Update 2: Finally got the video to work. Section begins at 2 minutes and 15 seconds. The host asks: “Should journalists be allowed to use anonymous sources?” Arianna answers, “Well I’m very much against the use of anonymous sources unless there’s some compelling public interest and I believe that was the case with Mark Felt and Watergate. Yes, absolutely.” To be fair, though the answer sounded fairly categorical, Arianna was answering a question about journalists, not bloggers. And Arianna is obviously the only authority on her own beliefs and rules about blogging at the HuffingtonPost.
Perhaps she thinks that bloggers have a lower threshold for sourcing than journalists, since obviously Cruise’s fate in Mission Impossible III has no compelling public interest, at least on the scale of Watergate or Iraq. My point is not to pillory the HuffingtonPost nor (just) to have fun, but to highlight how quickly blogging can take on the institutional burdens of journalism — rule parsing, nitpicking, ombudsmanizing — when it rises above the level of an individual accountability and conscience.
(To be clear on my own views: HP’s sourcing was good enough for Hollywood gossip. Indeed, anonymous sources are a crucial part of journalism and the informational osmosis that makes societies function. When people (journalists/bloggers/gossips) rely on anonymous sources who are untruthful or so strongly biased that the story disintegrates on further investigation, the quoter, rather than the concept of anonymity, should lose credibility.)

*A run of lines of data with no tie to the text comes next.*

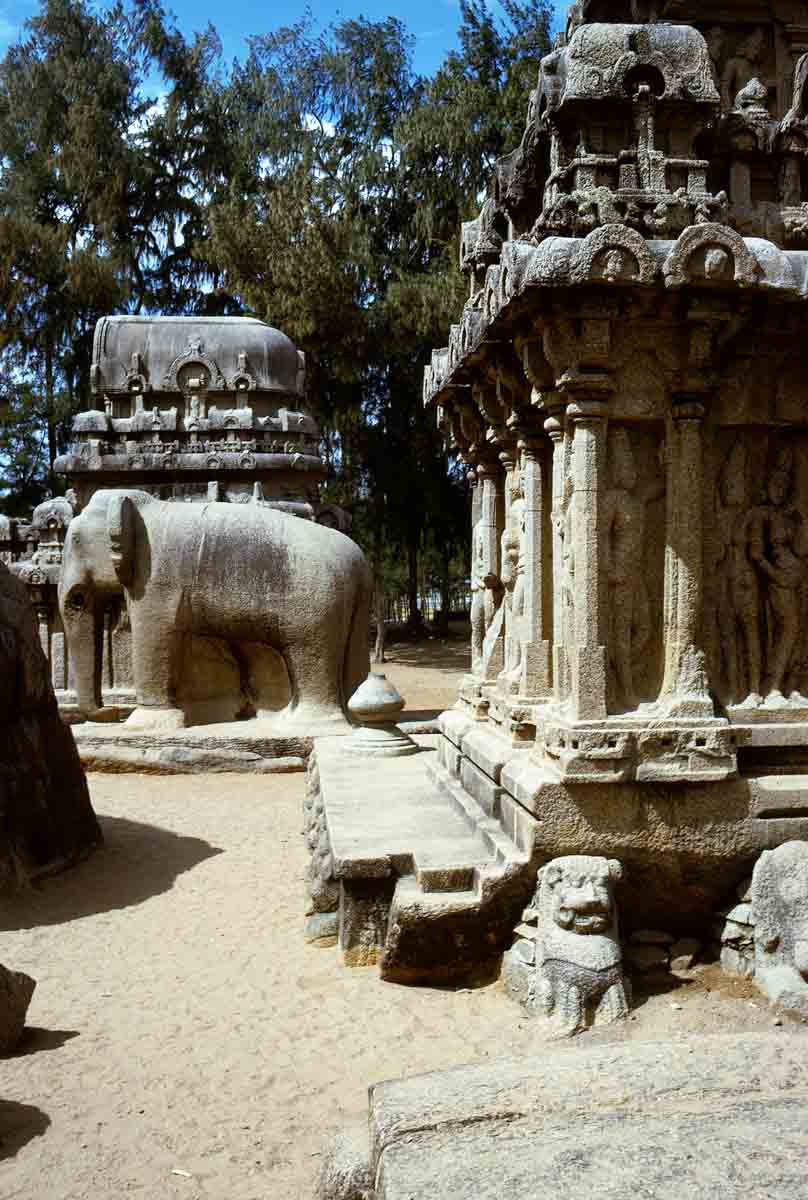 ACSAA Digital Images (Monuments)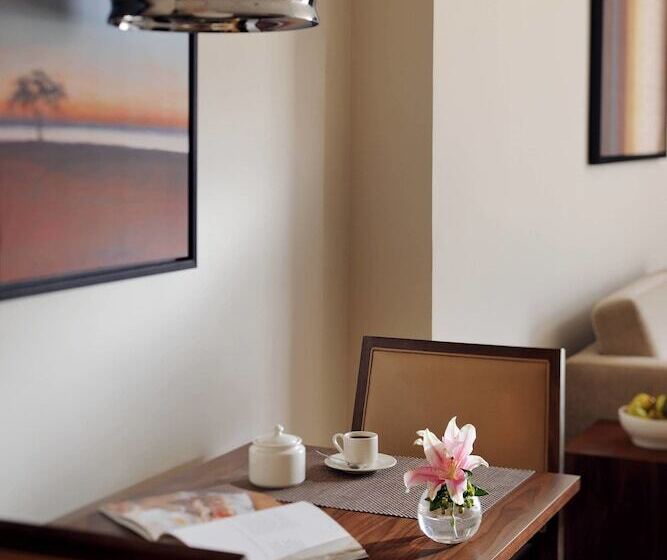 酒店 Residence Inn By Marriott Kuwait City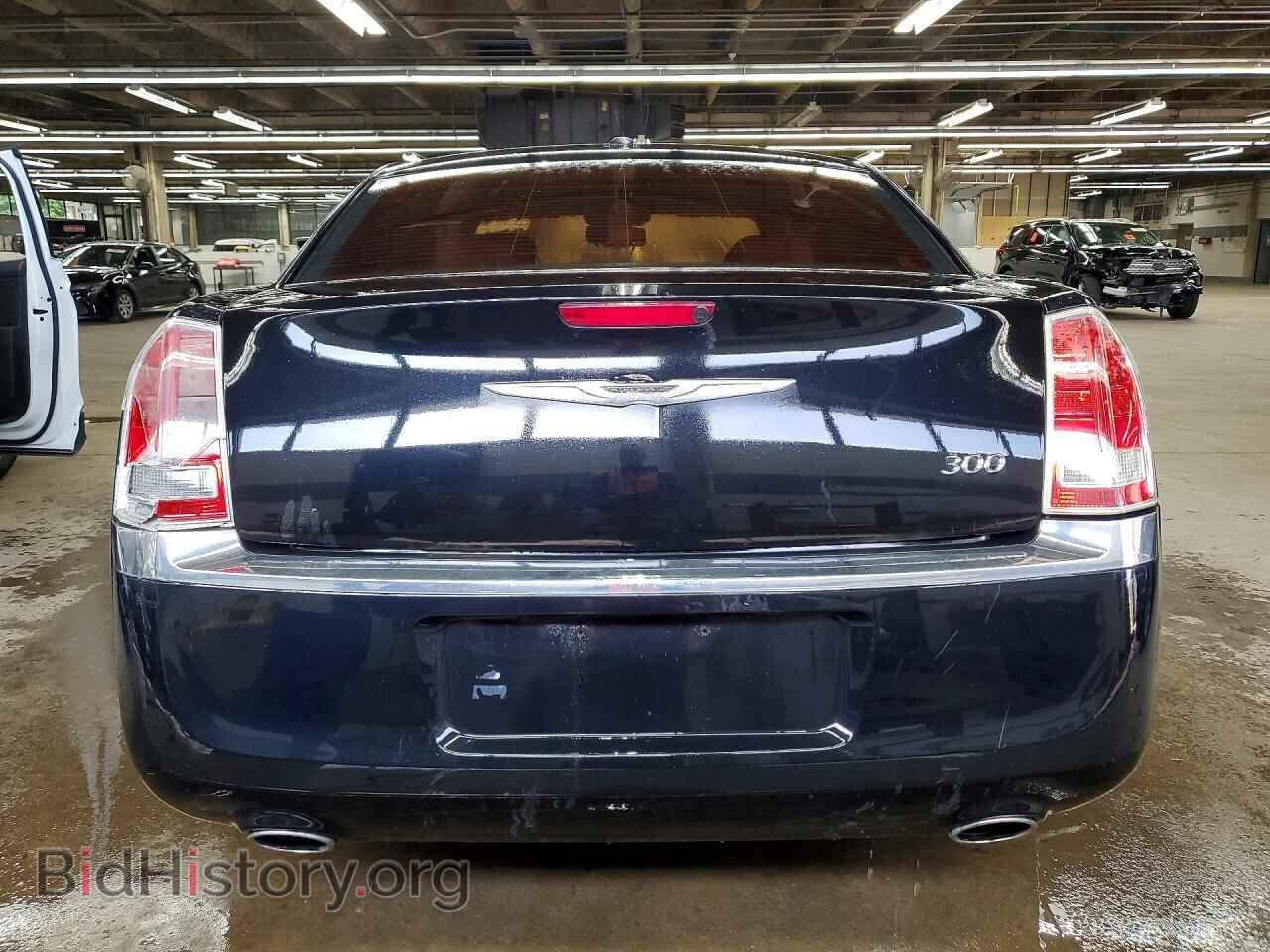 2014 CHRYSLER 300 - VIN: 2C3CCAAG5EH161912 - Photo 6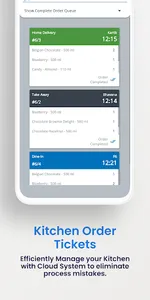 Just Billing POS Invoicing App screenshot 5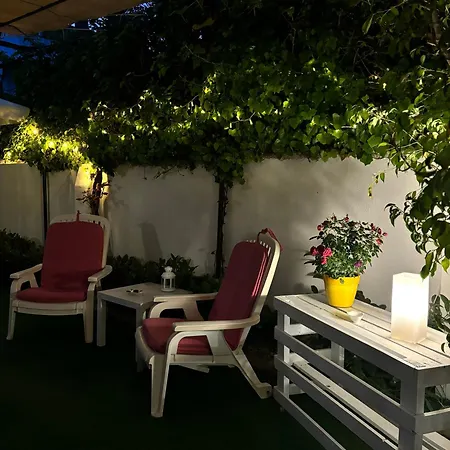 Alemar Bed & Breakfast-2
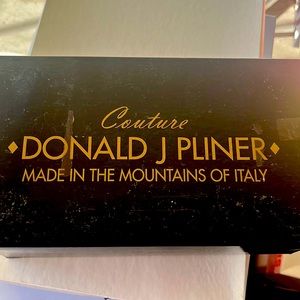 Donald J Pliner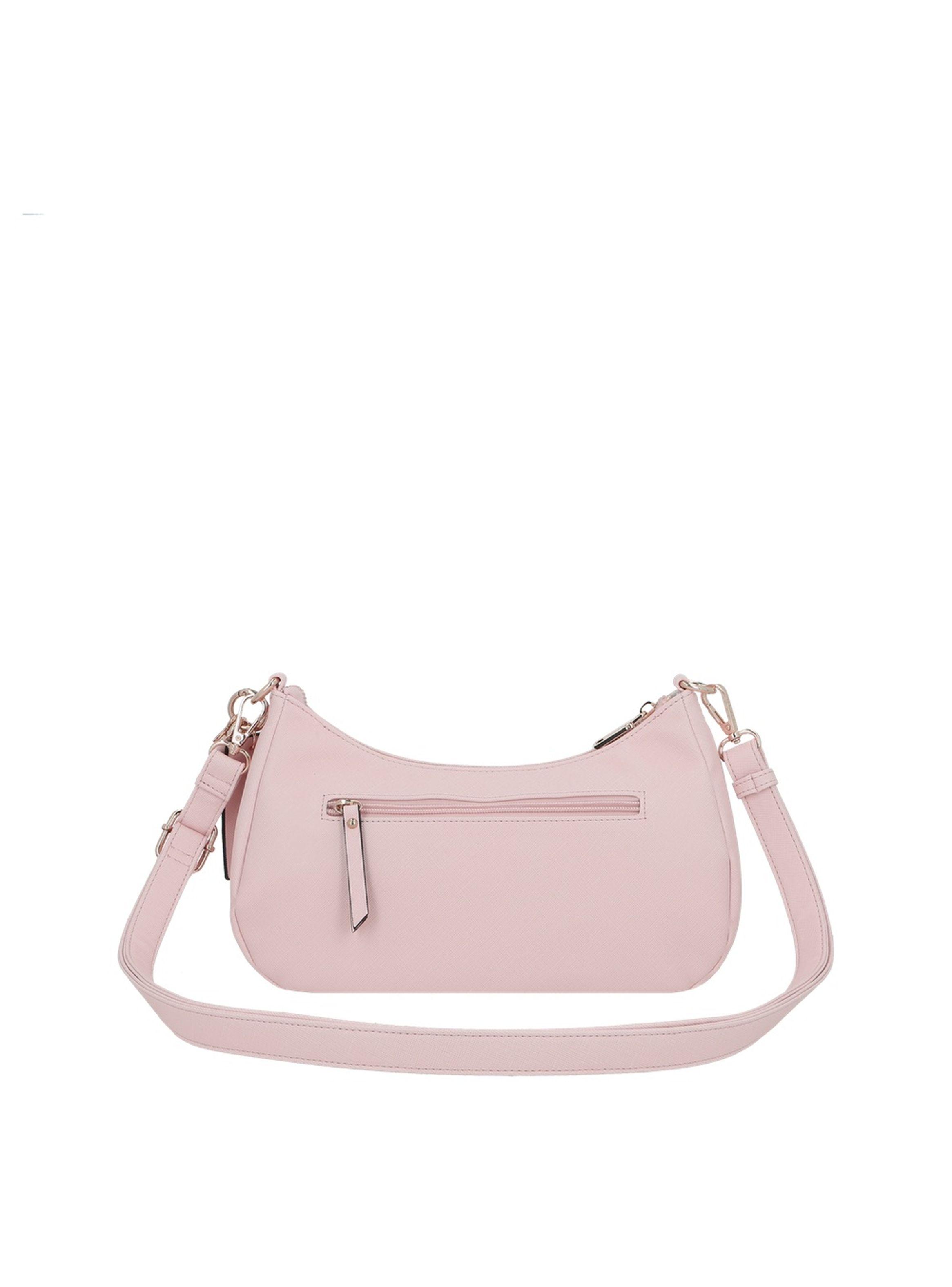 Bandolera Secret Buzios SC6 M Rosado-2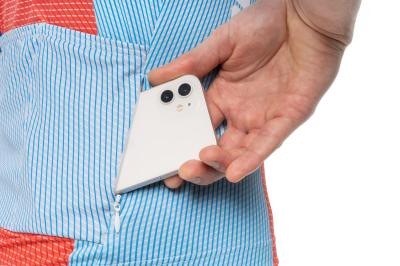 CUBE ROAD/XC Trikot X Factory Racing langarm Gr&ouml;&szlig;e: M Produktbild 5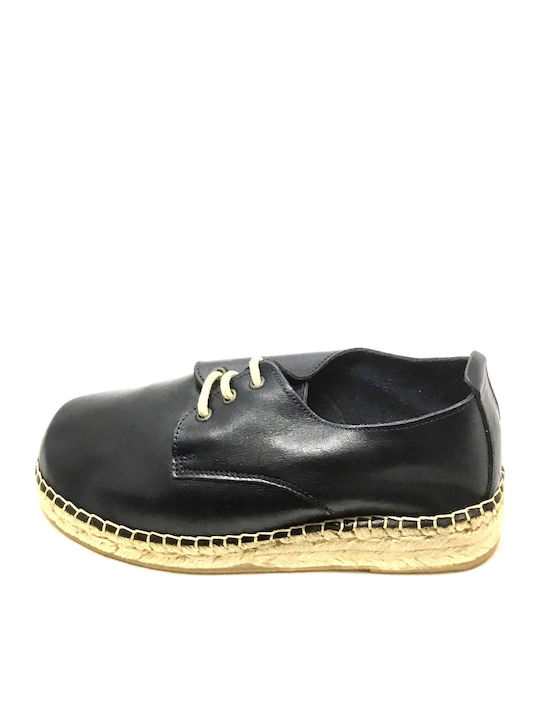 Adam's Shoes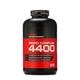 GNC Amino Complex 4400 Capsules 240's - Amino Acids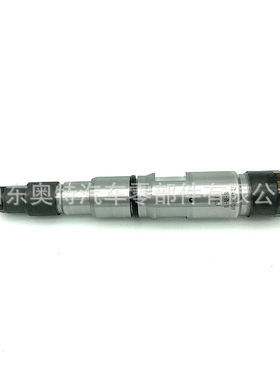 燃油喷油器总成 0445124025  /837074860 共轨喷油器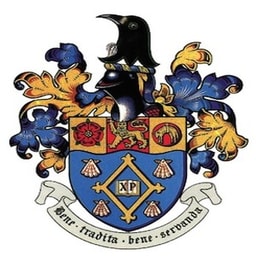 Christ's College logo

Hmm, maybe HP will need to hire an ombudsman to explain self-contradictions and variations from the internal style book. More darn overhead. Ed: or maybe you need an ombudsman Henry?
Business logic aside, I’ve been vaguely uncertain what role this 400-strong Hollywood cast-party would play in the blogging ecoysystem, a place dominated at the top by experts, insiders, lawyers, mavens, Phds, business executives… and lots of plain old folks with grassroots opinions and experience not otherwise traditionally captured by corporate publishing hierarchy. But now I realize the HP may destined to become a real-time Vanity Fair/People magazine cum autobiography, covering Hollywood from the inside out. The Cruise scoop may suggest a promising future for HP.
Putting on my hat as a citizen journalist, I’ve dropped Arianna a line asking about the anonymous sourcing contradiction. I will keep you my loyal three readers (hi Mom!) informed.
Oops, I almost forgot to say: Unfolding!!!